Era también un sitio de pesca y seguridad alimentaria. “Siempre pescábamos en el puente Román, con el que casi todo el barrio tenía que ver. Como éramos de escasos recursos conseguíamos la parte del arroz y salíamos un momentito ahí al puente para conseguir la ‘liga’. Es decir: el pescado. Había tanto en la bahía que uno lo escogía a diario: “Hoy no voy a comer róbalo, voy a comer pargo” o “hoy no quiero pargo sino jurel”. Podíamos capturar la cantidad y calidad de peces que quisiéramos. Estamos hablando por ahí del año 67, pero eso venía de mucho tiempo atrás. Aquello se acabó con la contaminación de la bahía, cuando comenzó a crecer la Marina del Pastelillo y se construyó el nuevo Puente Román”, recuerda Florencio Ferrer.
Y la memoria alcanza hasta hace poco, incluso los más jóvenes, era el sitio para los chapuzones de los adolescentes. “También me tocó el ritual de la tirada desde el puente Román. La primera vez que lo hice fue gracioso. Un día a lo que íbamos era a jugar fútbol en Manga, pero de repente alguien dijo —La madre al que no se tire—. Y como yo quiero mucho a mi mamá me quité la ropa y me tiré. Luego me sequé y me vine para la casa, pero uno queda con el olor de la bahía. Mi mamá me pasó los dedos por la cabeza —¡Tú estabas en el puente!
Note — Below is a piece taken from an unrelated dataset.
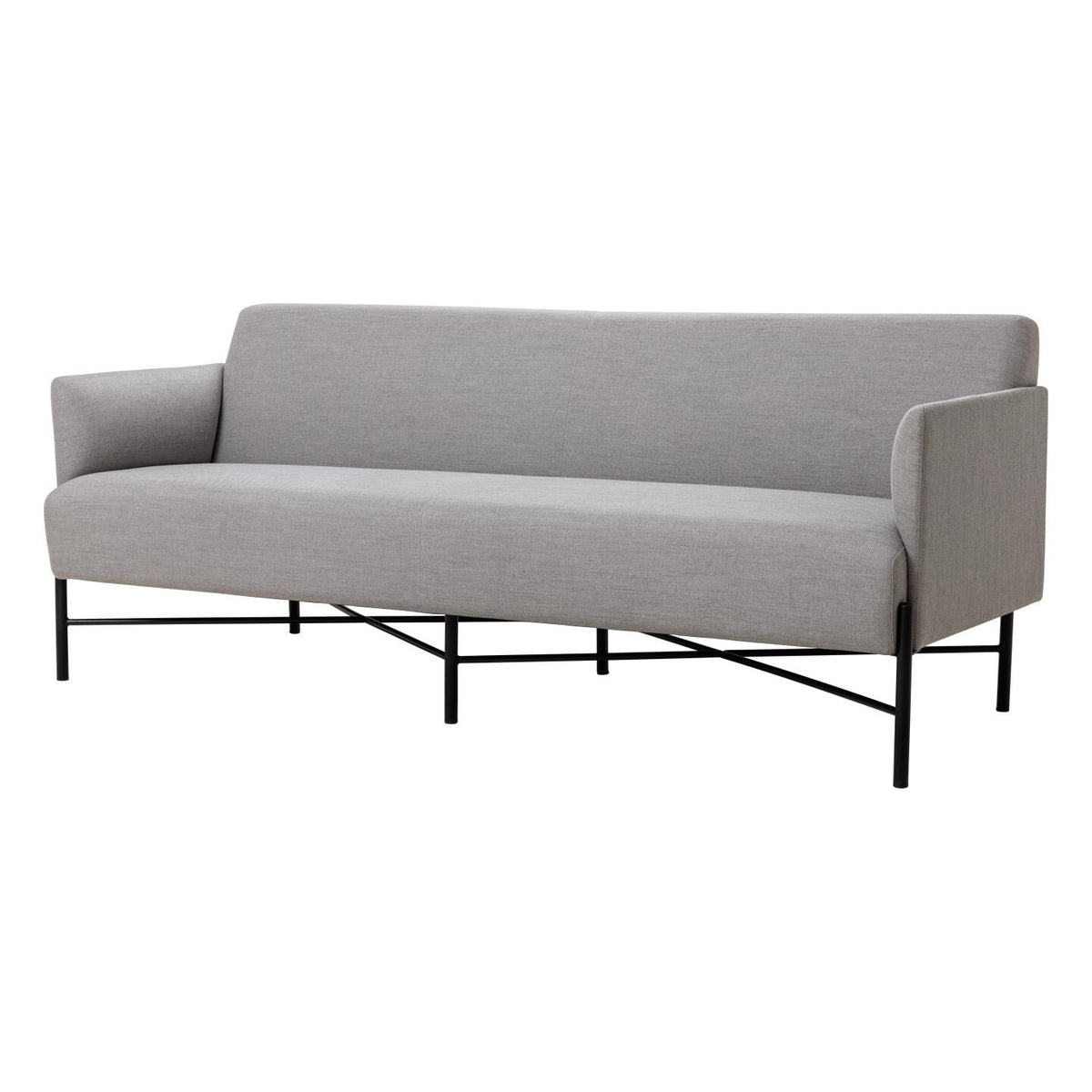 Avalon 3-Seater Lounge - alternate view, size or finish; optional items may be shown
Que tu abuela no se entere, porque yo no te pego, pero ella sí—. Sucede que ese mismo día pasaba por allí un reportero gráfico de El Universal. Al otro día, un titular del tipo Adrenalina Extrema en el Puente Román. En esa época repartían el periódico impreso por las casas. —Y tú qué hacías ahí—. Y ¡ta ta ta! Con el mismo periódico azotaron a medio barrio”, nos recordaba Camilo Polo, que hoy está apenas por los treinta años.
A Camilo y su generación le tocó lanzarse desde el puente nuevo, el de 1986, que aún siendo moderno mantuvo el lenguaje de los balaustres y cuyos colores amarillo y blanco ayudan a integrarlo mejor al paisaje patrimonial. Los chapuzones y la pesca van quedando en la memoria. Ahora es un lugar de paso, pero su memoria quedará.